The tool that could part tangled things
by soheila esfahani
On View: October 4 - 28, 2023
Opening Reception: Saturday, October 14, 1 - 3pm
The Red Head Gallery is pleased to present The Tool That Could Part Tangled Things an exhibition of new work by artist Soheila Esfahani.
Esfahani’s practice questions displacement, dissemination, and reinsertion of culture and navigates the terrains of cultural translation through the theoretical framework of Homi Bhabha and the concept of the third space. By drawing on her own experience as an immigrant, her work aims to destabilize the origin of culture and reconstruct Bhabha’s the third space as a negotiated space of in-betweeness and a site of cultural translation, where locations of cultures are negotiated, and new narratives are adapted and hybridized.

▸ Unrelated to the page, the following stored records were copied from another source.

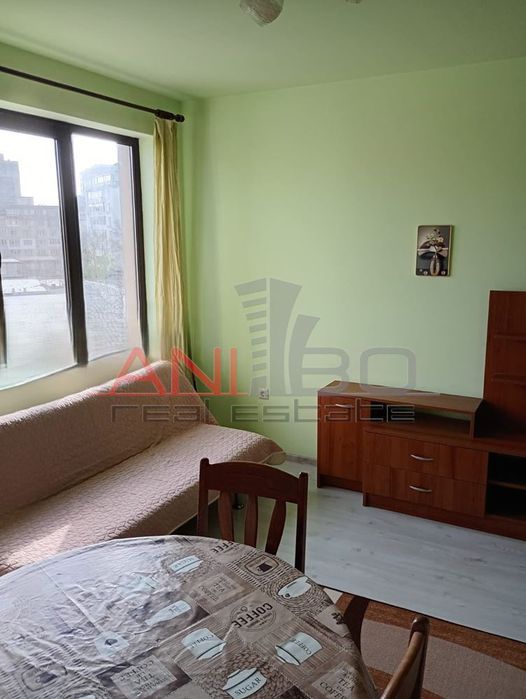 Дава се под наем Двустаен апартамент в Варна, Колхозен пазар - 50 кв.м за 398.82 € - Снимка #3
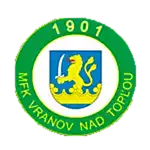 Vranov nad Topľou logo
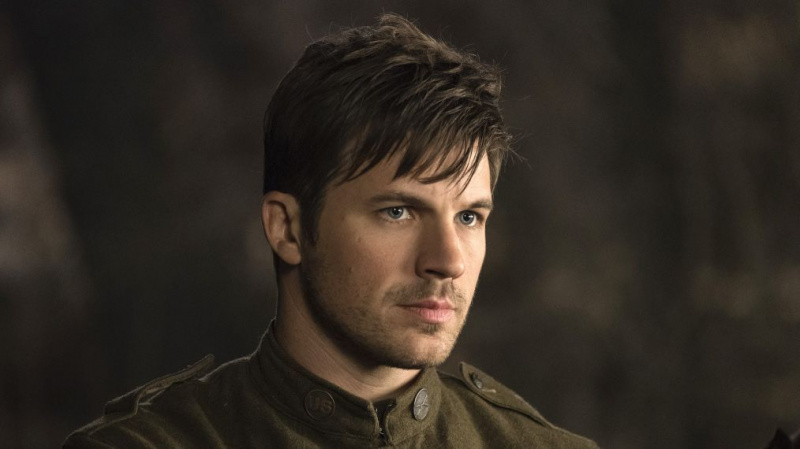 Timeless - Season 2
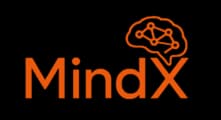 MindX Solutions logo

The tool that could part tangled things is a response to a poem titled "Second Generation" that appears in the chapbook Light Years (Baseline Press, 2022) by Toronto-based poet Laboni Islam. Esfahani uses Google Translate for the translation of the poem from English to Farsi and embraces the inadequacy of the translated text as a way of introducing an element of foreignness. Therefore, the translation becomes “the staging of cultural difference” in Bhabha’s terms, in which the migrant’s struggle operates in a process of transformation and proposes the act of translation as a trope for the act of displacement. In this body of work, Esfahani uses language to dislocate the original and destabilize cultural identification in order to construct a space of in-betweeness.
Artist Bio:
Soheila Esfahani grew up in Tehran, Iran, and moved to Canada in 1992. She holds a BA in Fine Arts from University of Waterloo and a Master of Fine Arts from Western University. Esfahani is an award-winning visual artist and recipient of numerous grants from the Canada Council for the Arts, the Social Sciences & Humanities Research Council of Canada, the Ontario Arts Council, and the Region of Waterloo Arts Fund. She is a recipient of 2016 Waterloo Region Arts Awards and was nominated for the Jameel Prize at the Victoria & Albert Museum in London, UK in 2015. Her work has recently been exhibited at the Aga Khan Museum, Canadian Cultural Centre Paris, Doris McCarthy Gallery, Cambridge Art Galleries among others, and has been collected by various public and private institutions, including the Canada Council’s Art Bank. She is an Assistant Professor at Western University in London, Ontario and is a member of the Red Head Gallery in Toronto.